Bilim dünyasında büyük bir devrim yaratan uzay mekikleri, 1981 yılında NASA tarafından aktif olarak kullanılmaya başlanmış, uzay araştırmalarında yeni bir dönemin kapısını aralamıştır. Günümüzde bu sistemler geliştirilmiş roket teknolojileriyle yerini daha modern araçlara bıraksa da, uzay mekiklerinin yapısı ve çalışma prensibi uzay mühendisliğinin temellerini oluşturmaktadır.
UZAY MEKİĞİ NEDİR VE NE İŞE YARAR?
Uzay mekiği, astronotları, uyduları veya deneysel yükleri Dünya’nın yörüngesine taşımak amacıyla tasarlanmış bir yeniden kullanılabilir uzay aracıdır. Geleneksel roketlerden farklı olarak, uzay mekiği kalkıştan sonra görevini tamamlayıp tekrar Dünya’ya dönebilir ve bir sonraki uçuş için yeniden hazırlanabilir. Bu özelliği, maliyeti düşürmüş ve uzay görevlerinin sürdürülebilir hale gelmesini sağlamıştır.
UZAY MEKİĞİ NASIL ÇALIŞIR?
Bir uzay mekiği üç ana bölümden oluşur: yakıt tankı, katı roket güçlendiriciler ve yörünge aracı (orbiter).

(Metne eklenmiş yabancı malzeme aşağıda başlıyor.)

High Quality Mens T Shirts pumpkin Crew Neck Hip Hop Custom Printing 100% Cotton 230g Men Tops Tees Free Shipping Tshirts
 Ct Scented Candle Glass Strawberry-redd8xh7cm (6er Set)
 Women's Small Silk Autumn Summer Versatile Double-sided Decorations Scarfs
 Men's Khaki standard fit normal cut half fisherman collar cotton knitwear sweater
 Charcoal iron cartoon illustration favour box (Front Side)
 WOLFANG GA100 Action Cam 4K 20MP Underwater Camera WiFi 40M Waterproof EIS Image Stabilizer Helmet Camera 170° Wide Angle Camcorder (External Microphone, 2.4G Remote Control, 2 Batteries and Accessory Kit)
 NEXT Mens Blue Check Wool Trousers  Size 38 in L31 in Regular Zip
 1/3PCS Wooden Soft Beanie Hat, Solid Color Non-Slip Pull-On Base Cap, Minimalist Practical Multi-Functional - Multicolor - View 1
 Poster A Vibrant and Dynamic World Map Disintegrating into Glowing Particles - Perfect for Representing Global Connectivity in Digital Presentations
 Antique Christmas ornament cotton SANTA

Kalkış sırasında roket motorları ve güçlendiriciler mekiği saniyeler içinde ses hızının kat kat üzerine çıkarır. Atmosfer dışına çıkıldığında roketler ayrılır, yörünge aracı ise görevini tamamlamak için serbest hareket eder. Görev sonunda aerodinamik yapısı sayesinde bir uçak gibi atmosfere girerek piste iniş yapar.
UZAY MEKİĞİNİN HIZI VE ÖZELLİKLERİ
Uzay mekikleri saatte 28.000 kilometreye kadar ulaşabilen hızlarıyla Dünya etrafında birkaç dakikada bir tam tur atabilir. Ortalama 37 metre uzunluğundaki bu araçlar, yaklaşık 100 tonluk bir ağırlığa sahipti. İçerisinde hem mürettebat kabini hem de yük bölümü bulunur. En bilinen modeller arasında Columbia, Discovery, Atlantis, Endeavour ve Challenger yer almaktadır.